The Republicans include Stacy Korsgaden, who owns an insurance and financial services agency, and Robert Howell, president of Exatron, a cybersecurity equipment manufacturer in Silicon Valley.

Eduardo "Lalo" Vargas, a Los Angeles Unified School District teacher, is running via the Peace and Freedom Party. 

The current legal and financial climate is also affecting the municipal bond market. While LADWP has benefited from a general tightening of spreads in the municipal bond market, the utility's bonds carry a "cost penalty" for managers who must field calls from clients about the "headline credit" risk, Fabian said. This added friction makes managers less likely to buy LADWP bonds, despite strong institutional demand, he said.

LADWP credit spreads have narrowed since the wildfires, but remain wider than pre-wildfire levels, Fabian said.

Ultimately, utilities only have one device to cover costs: raising rates, Fabian said.

If the state does not find a solution to secure satisfaction in private lawsuits and reform the insurance market, the costs associated with liabilities like inverse condemnation, which is particularly potent for utilities under California law, will eventually be borne by the local economy through drastically increased rate structures, he said.

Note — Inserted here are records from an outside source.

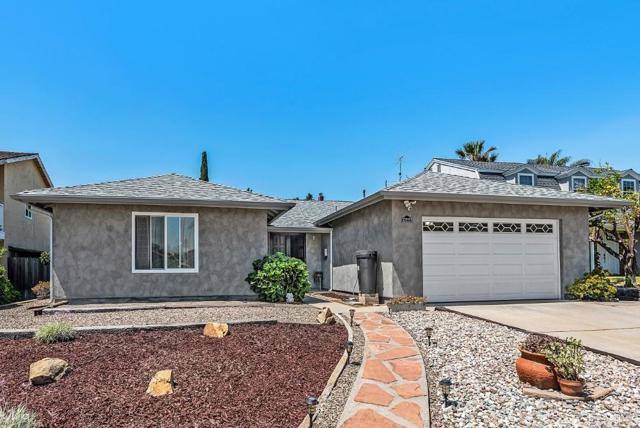 Poway, CA 92064,13227 Lingre Avenue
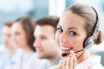Call-Center-Optimierung in Banken für besseren Kundenservice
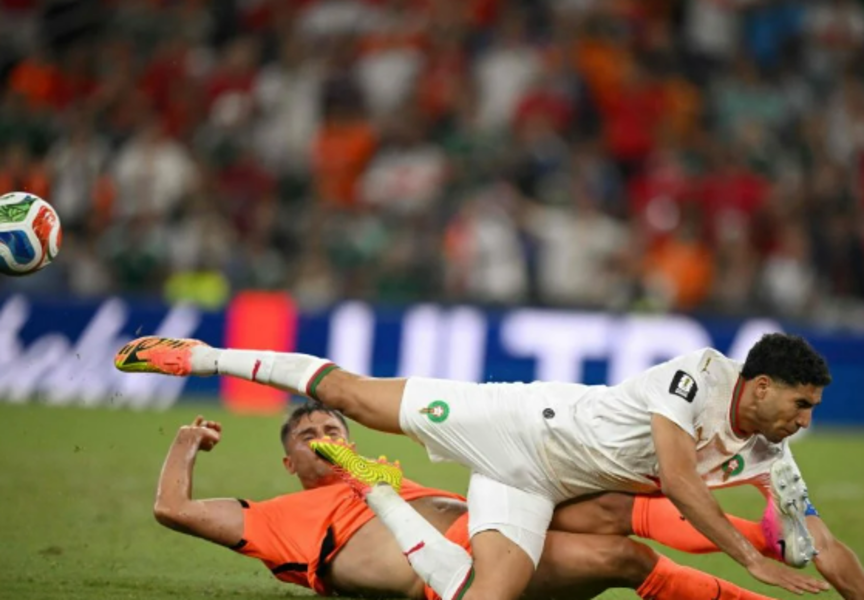 Mondial 2026 : moins de dribbles, plus d’efficacité… les nouvelles tendances du football moderne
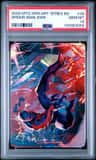 Spider-Man 2099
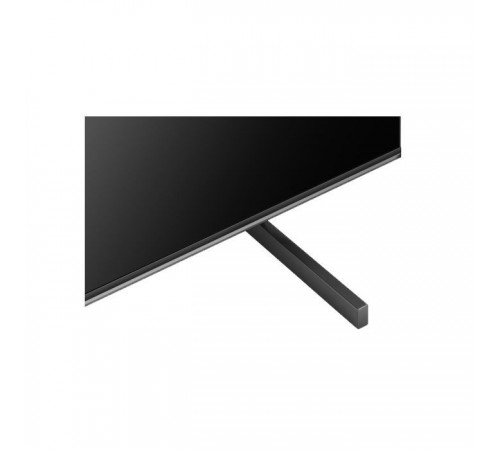 Телевизор Hisense 75U6NQ Телевизор Hisense 75U6NQ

The state has been criticized for being slow to advance policy solutions, especially when compared to states like Florida, which is seen as a leader in modernizing its private insurance market by transferring risk from insurance companies to the state, Fabian said. The consensus is that any solution now must be scalable and repeatable to prevent California from "lurching year to year" in the face of predictable climate events, he said.

Overall, the county's bonds have fared better than expected after the fires.

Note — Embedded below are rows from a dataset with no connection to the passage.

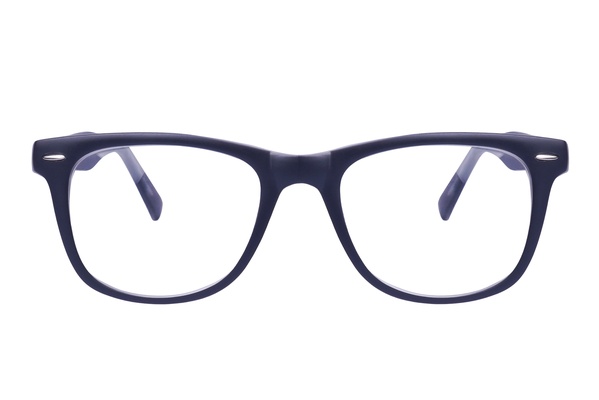 Your Line DM 1119 C1 51-20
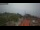 Webcam in Haarlem, 55.7 km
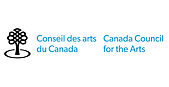 LOGO CAC.jpg
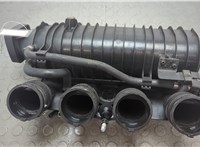 55194138, 55182649 Коллектор впускной Alfa Romeo 159 2005-2011 20745922 #4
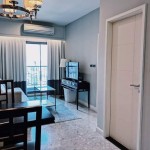 Rent Condo Modern One Bedroom Large size Sukhumvit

No municipal bonds have experienced defaults as a result of the January 2025 Los Angeles wildfires, and assessed value declines have been modest, Nuveen said in an credit research report on Feb. 19. Though the full impact of the disaster continues to unfold, Nuveen said.

Some municipalities may experience minor assessed value reductions from property reassessments, but the impact remains limited, Nuveen said.

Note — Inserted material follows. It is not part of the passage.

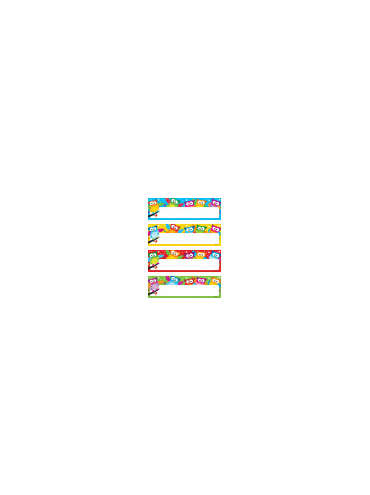 s--4sFyAfMg--/rxvuqcrsjda1ca3hduuu.jpg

Santa Monica-Malibu Unified School District Facilities Improvement District No. 2 "for example, saw just a 0.4% year-over-year assessed value decline in fiscal year 2026," Nuveen said. "As rebuilding advances and insurance claims process slowly, impacted tax bases should gradually recover."

Assessed values determine the tax levy pledged to general obligation unlimited tax bonds issued by cities and schools. 

The report notes that Los Angeles and LADWP face multiple lawsuits, one of which is seeking $10 billion in damages. "If either the city or LADWP were found liable, a large settlement against either entity could negatively impact the city and its utility enterprises," Nuveen said. "Significant additional borrowing for capital or legal settlements could pressure LADWP's credit."

LADWP has reported estimated physical damage of $93 million for the water system and $23 million for the power infrastructure, which Nuveen said is a small portion of overall operating expenditures. Most of the costs are expected to be Federal Emergency Management System-reimbursed and affected areas represent just 1.1% of water system customer accounts and 0.7% of power system customer accounts.

Moody's Ratings, KBRA and Fitch Ratings currently assign LADWP power revenue bonds the same rating they did before the Palisades Fire: Aa2 by Moody's, with a negative outlook assigned in January 2025 after the wildfire, AA by KBRA, and AA-minus by Fitch. The latter two assign stable outlooks. S&P Global Ratings rates the power revenue bonds A with a negative outlook, after a two-notch downgrade in the aftermath of the wildfire.

The water bond ratings, which had historically been rated a notch higher by the rating agencies, were lowered by all but Moody's in the fire's aftermath.

Fitch and KBRA both lowered the water revenue bond ratings a notch to AA-minus for Fitch and AA for KBRA after the fires. KBRA lifted its outlook to stable in May. Fitch revised the outlook to stable from negative in October. S&P lowered the rating two notches to AA-minus and assigns a negative outlook. Moody's maintained an Aa2 rating, but revised the outlook to negative, where it remains.